Please repeat, from the entries that follow, the lines from the one containing "KINBOM 2pcs Tungsten" through the one containing "Celtic Cross and" exactly, adding nothing.

DATA FOR ANALYSIS »
※
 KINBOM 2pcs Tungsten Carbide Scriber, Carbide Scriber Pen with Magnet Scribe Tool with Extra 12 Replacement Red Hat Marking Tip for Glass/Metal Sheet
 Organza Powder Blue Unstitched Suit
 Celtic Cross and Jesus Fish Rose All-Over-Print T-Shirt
※
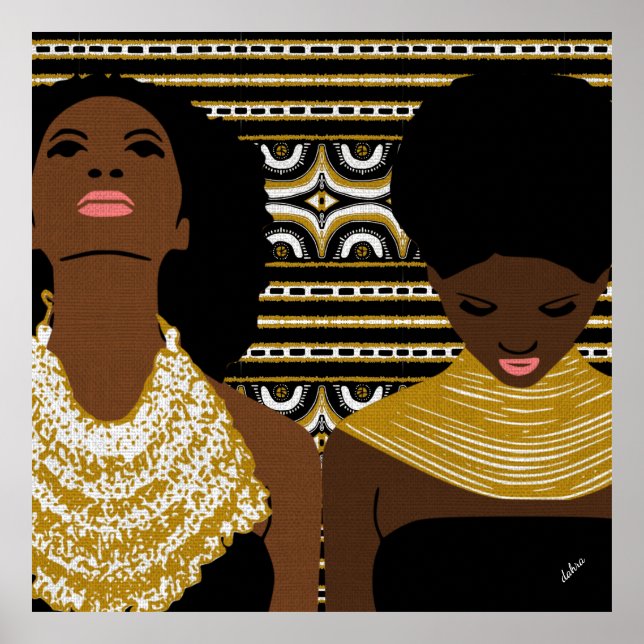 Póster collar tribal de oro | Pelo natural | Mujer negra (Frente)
※
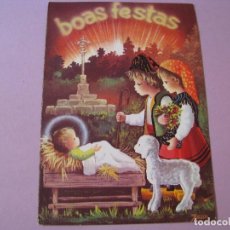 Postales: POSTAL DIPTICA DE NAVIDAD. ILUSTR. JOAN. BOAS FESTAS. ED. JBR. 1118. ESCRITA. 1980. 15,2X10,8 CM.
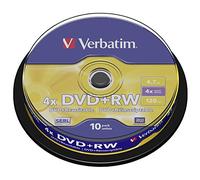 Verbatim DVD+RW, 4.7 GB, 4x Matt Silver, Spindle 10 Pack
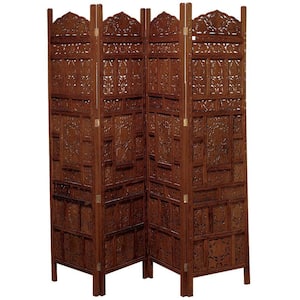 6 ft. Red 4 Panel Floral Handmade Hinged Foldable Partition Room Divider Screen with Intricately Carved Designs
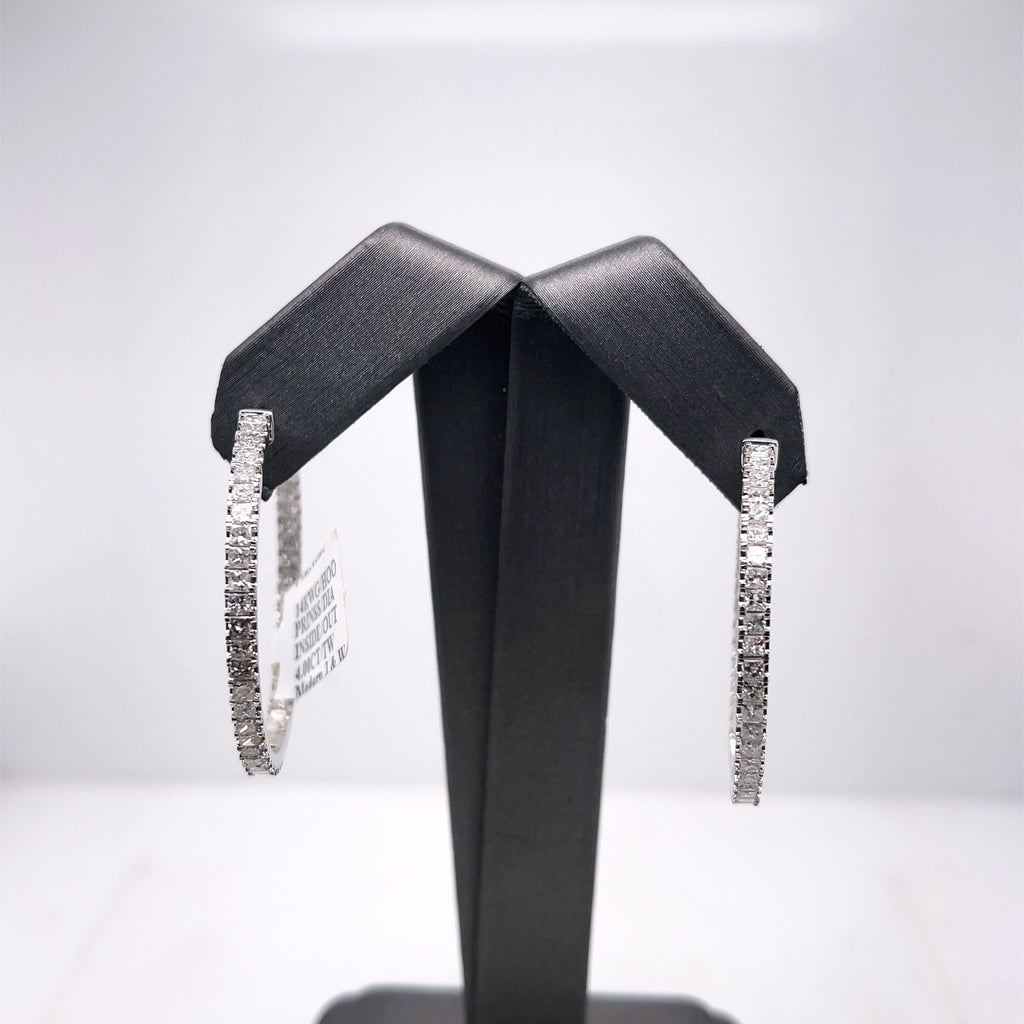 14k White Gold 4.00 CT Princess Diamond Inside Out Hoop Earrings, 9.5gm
※
REPLY TO THE TASK »
 KINBOM 2pcs Tungsten Carbide Scriber, Carbide Scriber Pen with Magnet Scribe Tool with Extra 12 Replacement Red Hat Marking Tip for Glass/Metal Sheet
 Organza Powder Blue Unstitched Suit
 Celtic Cross and Jesus Fish Rose All-Over-Print T-Shirt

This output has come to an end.